▸ WORK TO BE COMPLETED: In the records below, repeat word for word only the lines starting at the one that contains "Євлаш: Українські пілоти" and ending at the one that contains "sexybigtitsss webcam", pictures excluded.

▸ DATA SHOWN:
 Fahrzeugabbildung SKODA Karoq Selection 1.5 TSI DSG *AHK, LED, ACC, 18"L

---

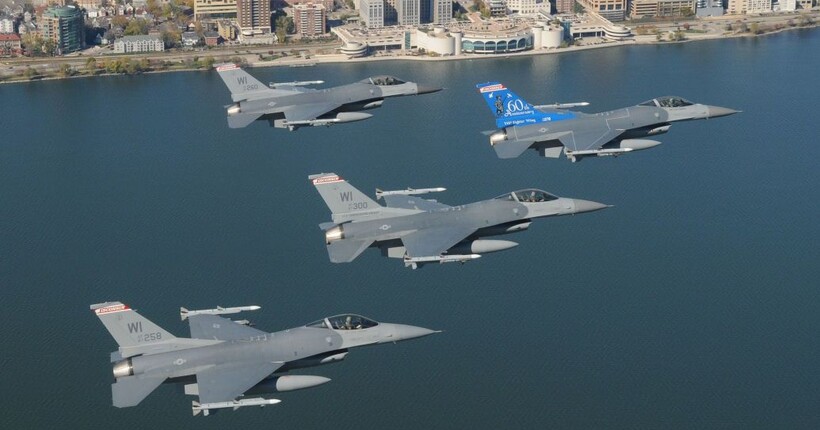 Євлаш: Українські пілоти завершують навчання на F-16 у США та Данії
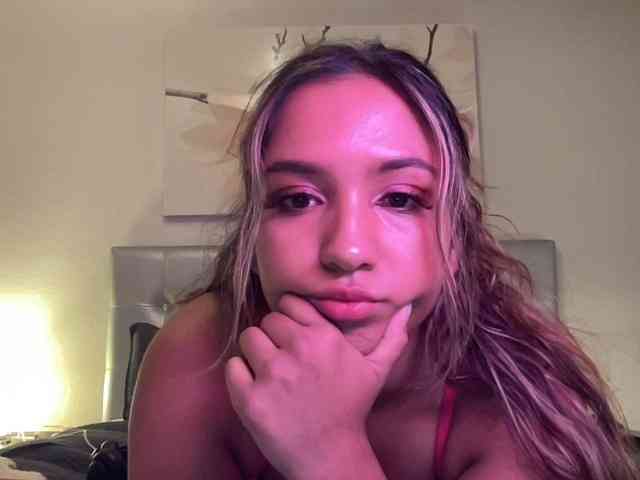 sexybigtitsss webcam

* * *

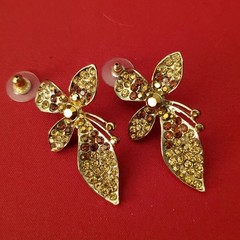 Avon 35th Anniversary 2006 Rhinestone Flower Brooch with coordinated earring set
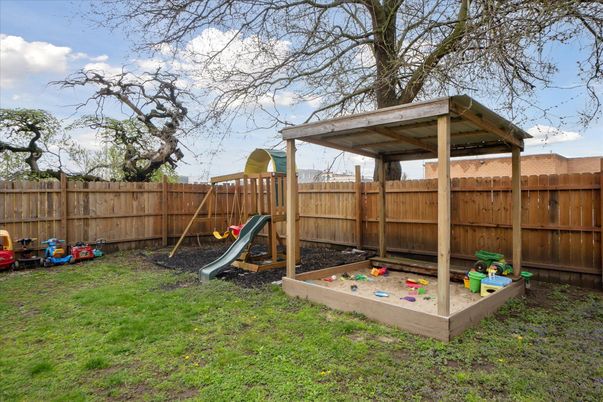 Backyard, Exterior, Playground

▸ REPLY:
 Євлаш: Українські пілоти завершують навчання на F-16 у США та Данії
 sexybigtitsss webcam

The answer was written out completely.